▸ Assigned task: Produce a verbatim transcript of the entries below, excluding pictures.
(Records)
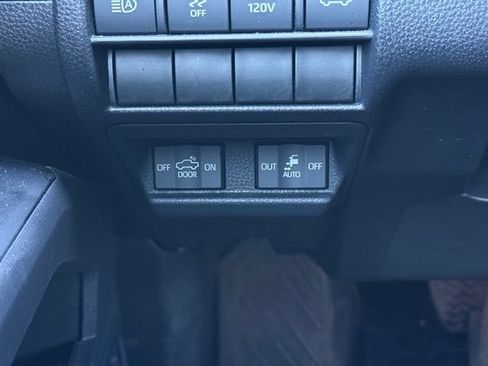 Used 2024 Toyota Tacoma Limited w/ Limited Package (LT) AWD/4WD image 27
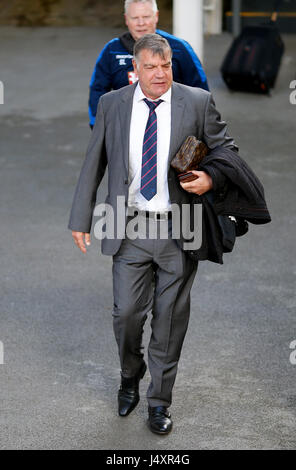 Crystal Palace-Manager Sam Allardyce kommt für die Premier-League-Spiel im Selhurst Park, London. Stockfoto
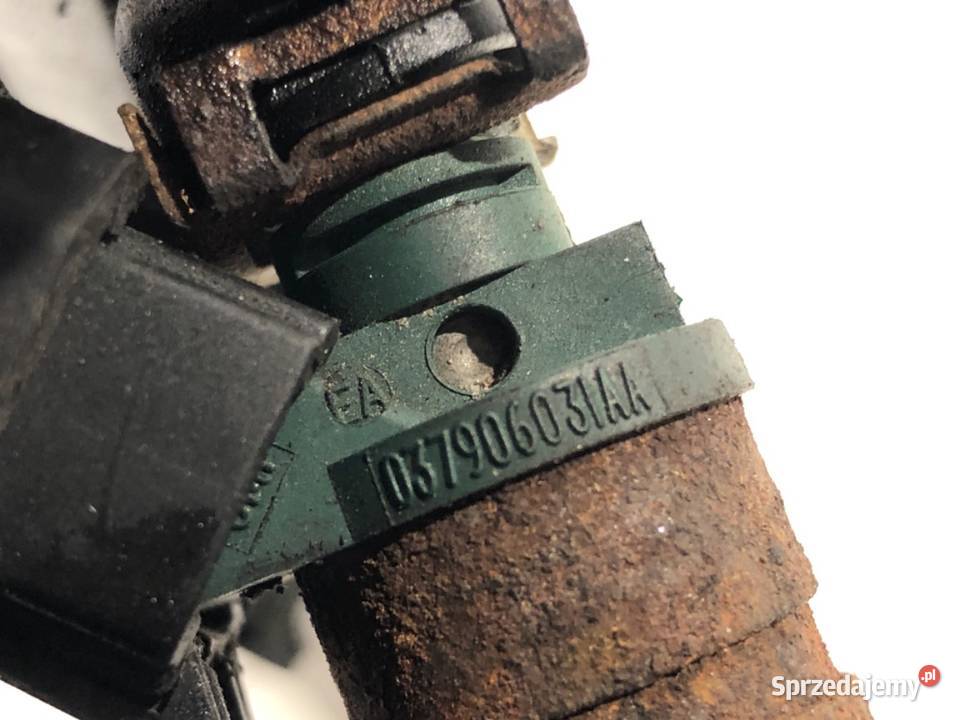 LISTWA WTRYSKOWA SEAT LEON I 037906031AA 16 100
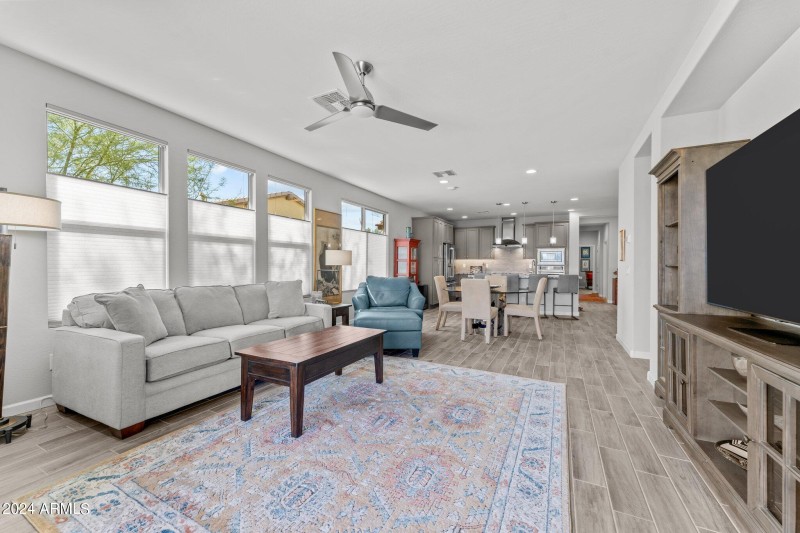 3267 Huckleberry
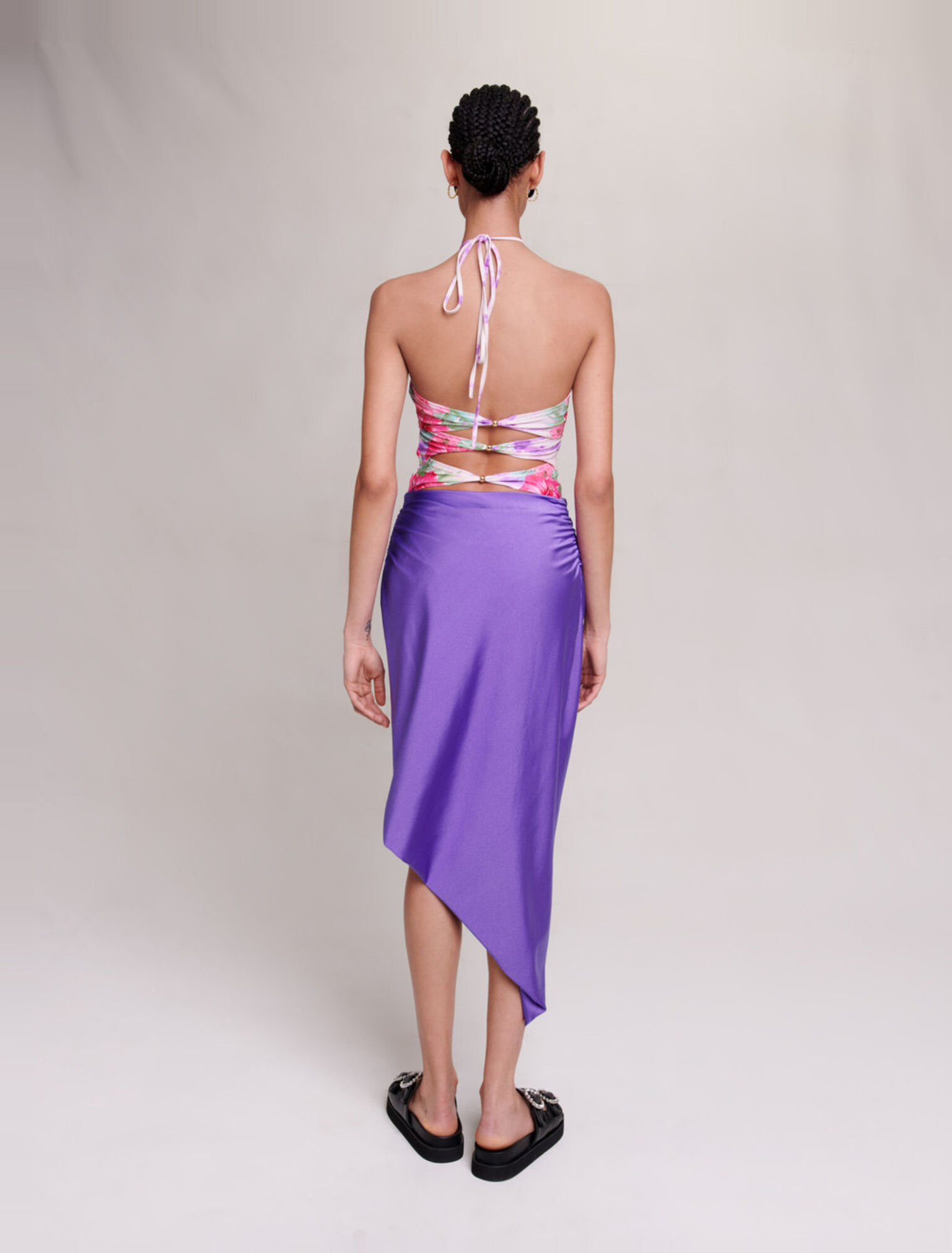 Asymmetrical skirt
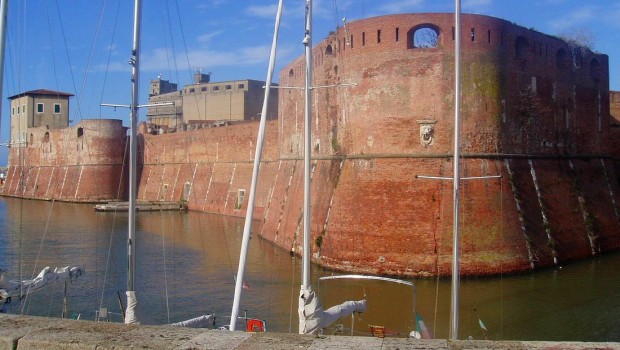 Fortezza Vecchia del puerto de Livorno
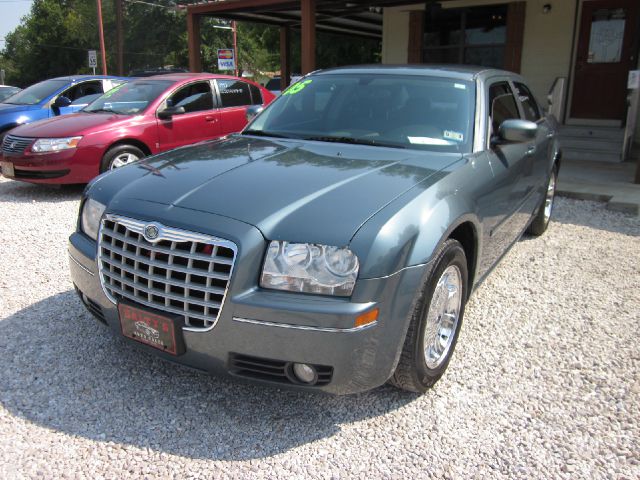 2005 Chrysler 300 Unknown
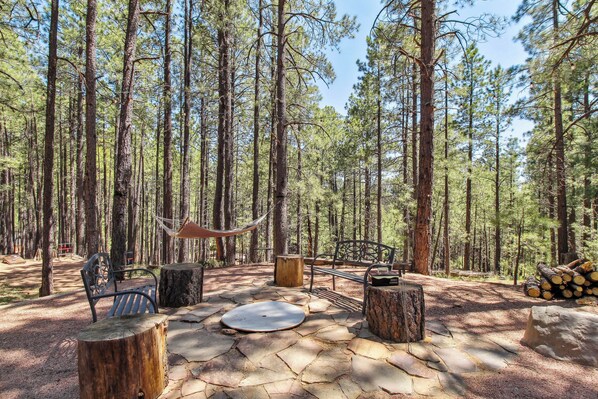 Forest Lakes Vacation Rental | 1BR | 1BA | Stairs Required | 800 Sq Ft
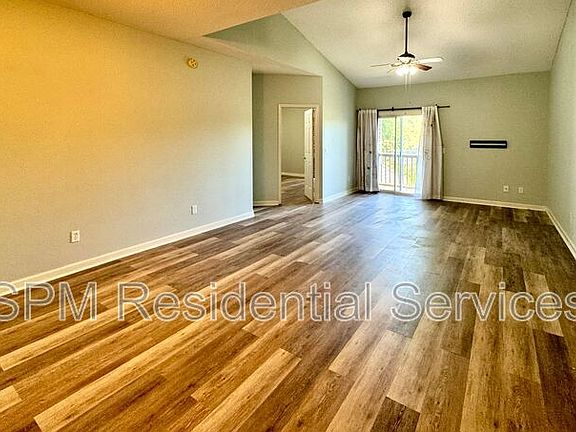 4th image of 729G Bragg Dr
(End Records)
▸ Written answer:
 Used 2024 Toyota Tacoma Limited w/ Limited Package (LT) AWD/4WD image 27
 Crystal Palace-Manager Sam Allardyce kommt für die Premier-League-Spiel im Selhurst Park, London. Stockfoto
 LISTWA WTRYSKOWA SEAT LEON I 037906031AA 16 100
 3267 Huckleberry
 Asymmetrical skirt
 Fortezza Vecchia del puerto de Livorno
 2005 Chrysler 300 Unknown
 Forest Lakes Vacation Rental | 1BR | 1BA | Stairs Required | 800 Sq Ft
 4th image of 729G Bragg Dr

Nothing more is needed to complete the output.